5
(1)

Платон Каратаев — крестьянин, и его миросозерцание сложилось на основах крестьянского или, как он говорил, «христианского» быта. Одна из идей его миросозерцания — идея счастья, для которого создан человек, того счастья, которое заключается в нем самом, в удовлетворении естественных человеческих потребностей. Платон Каратаев счастлив. Никто в мире не в состоянии нарушить его счастья, потому что несчастье проистекает от излишеств, чуждых Каратаеву. Те потребности, удовлетворение которых необходимо для существования человека, Каратаев всегда может удовлетворить сам. Он всегда при деле. Он занят тем нормальным трудом, который обеспечивает человеку жизнь и здоровье. Он варил, шил, строгал, тачал сапоги. Он никогда никого не утруждал, так как эти разнообразные житейские знания позволяли ему добывать все необходимое. Эта простота потребностей и привычка к полезному труду давали ему независимость, обеспечивали счастье и здоровье; несмотря на то, что ему было за пятьдесят лет, он не знал усталости и шутя пере носил лишения в плену. Этому-то счастью и позавидовал Пьер.
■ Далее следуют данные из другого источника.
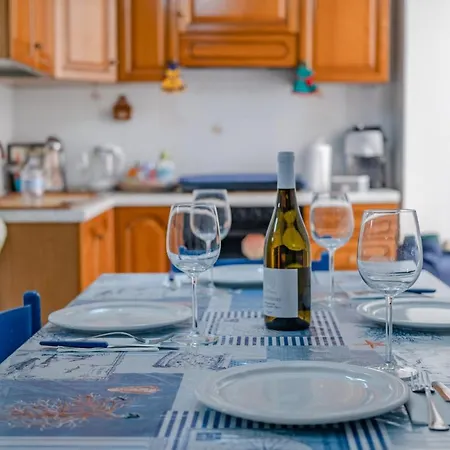 Apartament Marierose House *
Тоскующий барин, не находивший себе места, не умевший найти исхода своим силам, увидел что-то глубокое и серьезное в этой простой и ясной жизни крестьянина. «Пьеру чувствовалось что-то приятное, успокоительное и круглое в Этих скорых движениях, в этом благоустроенном в углу его хозяйстве, в запахе даже этого человека … »
Этот «зпикуреизм» Платона Каратаева, это довольство и личное счастье не только не противоречат идее отречения от своей личности, а напротив, гармонически сливаются с нею. Девиз Каратаева — «Не нашим умом, а Божьим судом». Его жизнь была не его творением, его судьбу решали другие. И Платон Каратаев не роптал. Он верил, что где-то в высшем мире ход жизни определялся в целях высшей справедливости, верил, что «рок головы ищет», и с умилением рассказывал историю о купце, который за преступление другого человека умер на каторге, не дождавшись освобождения и награды, назначенной ему после обнаружения его невинности. «А его уж Бог простил — помер», — закончил Платон Каратаев свой рассказ. Это смирение перед высшим законом жизни, перед Божьей правдой дает Каратаеву великую силу любви ко всему живущему. Он одинаково ласков и с Пьером, и с собачкой, он любит все, в чем слышится трепет жизни. Его любовь особенная. В ней отсутствует даже примесь личного. В каждой личности он любит проявление высшего начала и потому не привязывается ни к кому особенно. Привязанностей, дружбы, любви, как понимал их Пьер, Платон Каратаев не имел; но он любил и любовно жил со всем, с чем его сводила жизнь.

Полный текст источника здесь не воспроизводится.